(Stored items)

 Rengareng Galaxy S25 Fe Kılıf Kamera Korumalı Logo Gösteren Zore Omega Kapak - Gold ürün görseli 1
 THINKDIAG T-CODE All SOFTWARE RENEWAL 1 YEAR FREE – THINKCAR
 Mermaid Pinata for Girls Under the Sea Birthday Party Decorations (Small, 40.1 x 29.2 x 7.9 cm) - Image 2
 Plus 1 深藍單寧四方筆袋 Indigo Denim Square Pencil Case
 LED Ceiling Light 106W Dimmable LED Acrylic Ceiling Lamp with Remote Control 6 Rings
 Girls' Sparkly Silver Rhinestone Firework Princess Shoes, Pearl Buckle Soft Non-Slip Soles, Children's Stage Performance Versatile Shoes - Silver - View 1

• _Required work_: Report each line in the data that holds the word "Girls".

• _Task answer_:
 Mermaid Pinata for Girls Under the Sea Birthday Party Decorations (Small, 40.1 x 29.2 x 7.9 cm) - Image 2
 Girls' Sparkly Silver Rhinestone Firework Princess Shoes, Pearl Buckle Soft Non-Slip Soles, Children's Stage Performance Versatile Shoes - Silver - View 1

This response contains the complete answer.